I'm here! I'm replying! It's only taken two weeks!
"Would you attempt to listen to what I'm telling you?" Demeter demanded from him with frustration. "I'm saying that I know she loves you. I have come to understand that my daughter feels for you and that I am trying to accept the way she is now choosing to shape her life with you in it."
As for whether they were breaking the rules, well, Demeter wasn't going to continue arguing that point, but she was sure in her heart that they were. Persephone and Hades were crossing boundaries that should not be crossed and there would be something to pay for that in the end, although Demeter could not yet see what that might be. (Quietly she hoped it would be something that would only effect Hades. She didn't want another reason for her daughter's tears, and she didn't want another season that ended in violence between herself and Persephone. Once had been enough for that.)
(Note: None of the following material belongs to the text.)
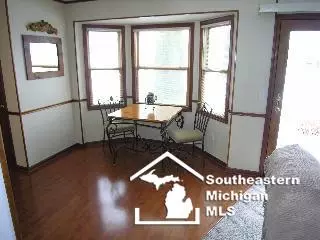 2210 Willow Bnd, Temperance, MI 48182 photo 8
She wasn't sure, either, if Persephone would want her around during the winter. Being rejected by Persephone seemed the most painful thing that Demeter could imagine. In spring they were joined, connected, and to lack that connection... Demeter didn't know how she would feel about that.
"Do you think that I will not treat this child with fairness and love? Have I ever showed cruelty to your Makaria? Makaria who may not even be my granddaughter by blood but who is loved by Persephone like a daughter? I do not punish anyone for the blood they bare." (This was, of course, a lie. There was not an Olympian among them who hadn't, at some point, cursed or killed or doomed a bloodline or city for the acts of one person. Olympians were not known for easy forgiveness, but nor were they known for remembering this.)
Demeter had considered, on occasion, kidnapping Makaria to see what Hades would think. But never had it gone beyond a fleeting unformed idea of revenge. The child was sweet.